之后，我们可以使用 torch.utils.data.DataLoader 加载数据，它提供以下功能：

给数据分片
随机打乱数据
使用GPU并行加载数据

dataloader = DataLoader(transformed_dataset, batch_size=4,
                        shuffle=True, num_workers=4)

实现一个函数来展示一个batch：

def show_landmarks_batch(sample_batched):
    """Show image with landmarks for a batch of samples."""
    images_batch, landmarks_batch = \
            sample_batched['image'], sample_batched['landmarks']
    batch_size = len(images_batch)
    im_size = images_batch.size(2)
    grid_border_size = 2

    grid = utils.make_grid(images_batch)
    plt.imshow(grid.numpy().transpose((1, 2, 0)))

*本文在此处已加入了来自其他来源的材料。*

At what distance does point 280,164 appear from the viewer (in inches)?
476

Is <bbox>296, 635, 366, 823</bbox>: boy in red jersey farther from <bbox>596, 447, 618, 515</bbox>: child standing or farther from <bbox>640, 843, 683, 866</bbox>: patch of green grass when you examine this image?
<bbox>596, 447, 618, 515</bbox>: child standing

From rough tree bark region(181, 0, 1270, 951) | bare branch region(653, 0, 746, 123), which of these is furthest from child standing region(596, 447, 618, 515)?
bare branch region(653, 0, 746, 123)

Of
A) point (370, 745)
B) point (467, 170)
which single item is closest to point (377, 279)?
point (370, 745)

    for i in range(batch_size):
        plt.scatter(landmarks_batch[i, :, 0].numpy() + i * im_size + (i + 1) * grid_border_size,
                    landmarks_batch[i, :, 1].numpy() + grid_border_size,
                    s=10, marker='.', c='r')

        plt.title('Batch from dataloader')

for i_batch, sample_batched in enumerate(dataloader):
    print(i_batch, sample_batched['image'].size(),
          sample_batched['landmarks'].size())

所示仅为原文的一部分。